= Records for this exercise =
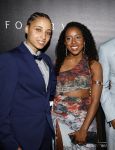 Amsterdam 30 oktober 2023
Life after Football gala LAF in grand Hotel Krasnapolsky. Ashleigh Weerden kwam met vriendin Dilay Akbulut en familie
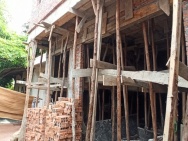 Bán nhà xây mới tinh ngay sát mặt ngõ 275 Đông Khê, 47m 3 tầng độc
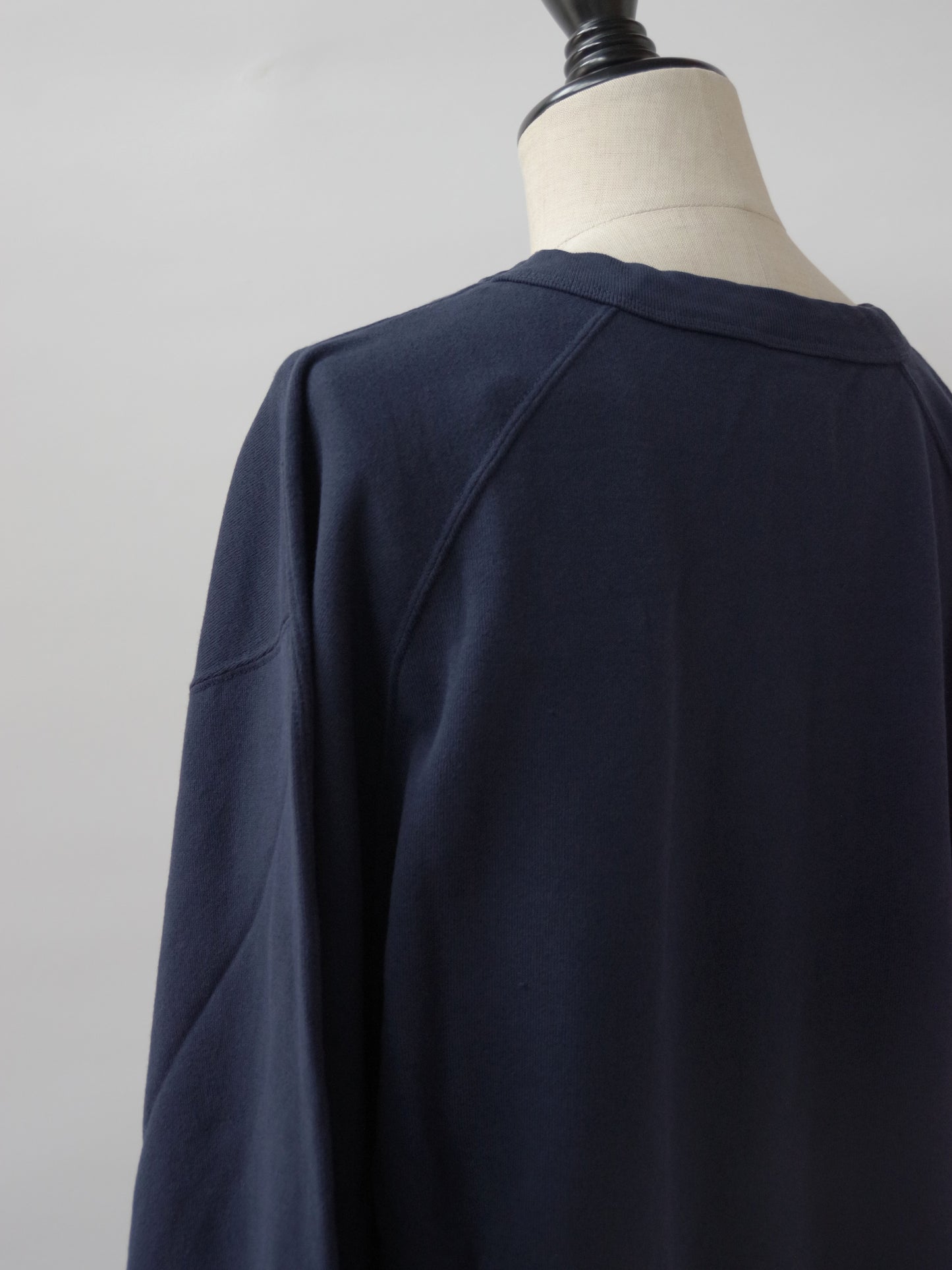 GV HIGH TWIST 裏毛 CREW プルオーバー ( 3 colors) |  buoybuoy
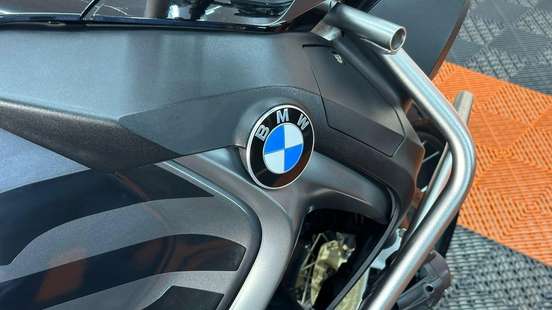 BMW-R 1200 GS TRIPLE BLACK-2018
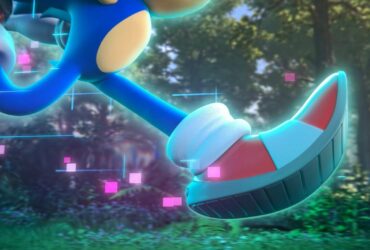 Sonic the Hedgehog sta prendendo in giro qualcosa per i Game Awards
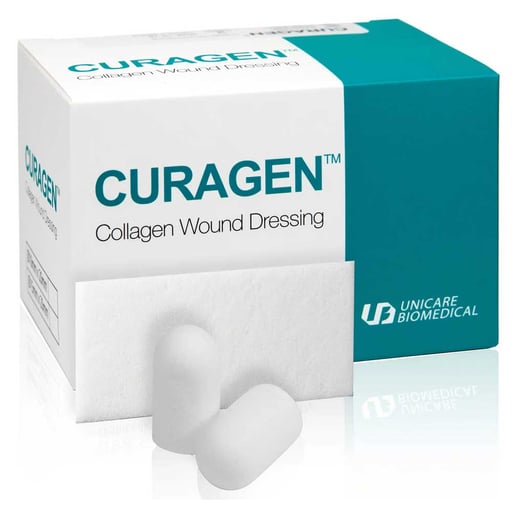 Curagen™ Collagen Wound Dressing Plug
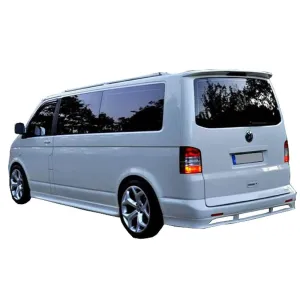 Drs Tuning Transporter Uyumlu -(2003 - 2021) Uzun Şase Yan Marşpiyel Seti (Plastik)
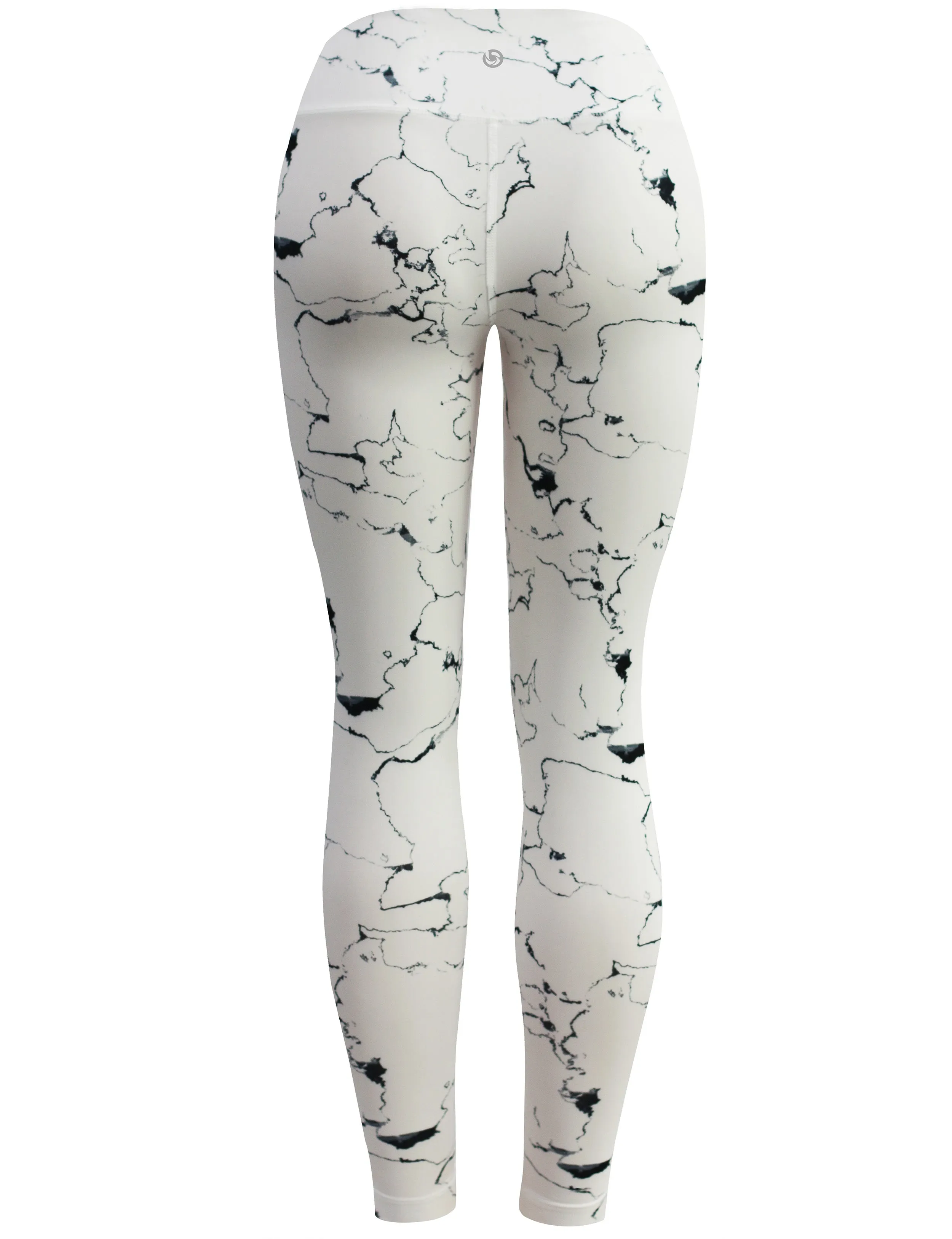 26" Printed Running Pants WHITETHUNDER_Running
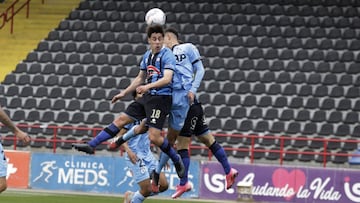 Huachipato e Iquique se conformaron con el empate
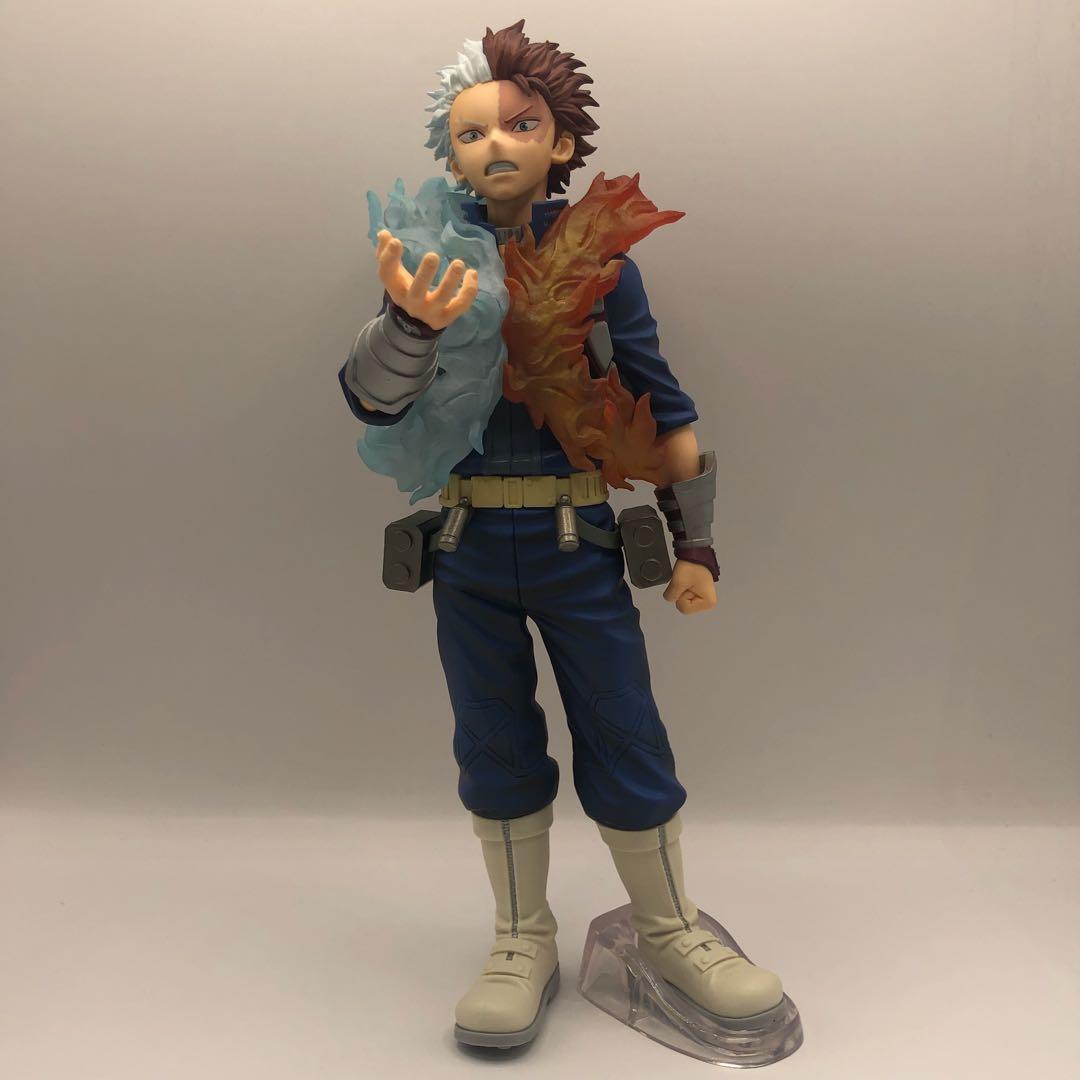 一番くじ　ヒロアカ　轟　荼毘　フィギュア　マスターライズ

= Problem description =
Pictures aside, write out verbatim every line from the first line of the material through the line holding "Drs Tuning Transporter".

= Response to the exercise =
 Amsterdam 30 oktober 2023
Life after Football gala LAF in grand Hotel Krasnapolsky. Ashleigh Weerden kwam met vriendin Dilay Akbulut en familie
 Bán nhà xây mới tinh ngay sát mặt ngõ 275 Đông Khê, 47m 3 tầng độc
 GV HIGH TWIST 裏毛 CREW プルオーバー ( 3 colors) |  buoybuoy
 BMW-R 1200 GS TRIPLE BLACK-2018
 Sonic the Hedgehog sta prendendo in giro qualcosa per i Game Awards
 Curagen™ Collagen Wound Dressing Plug
 Drs Tuning Transporter Uyumlu -(2003 - 2021) Uzun Şase Yan Marşpiyel Seti (Plastik)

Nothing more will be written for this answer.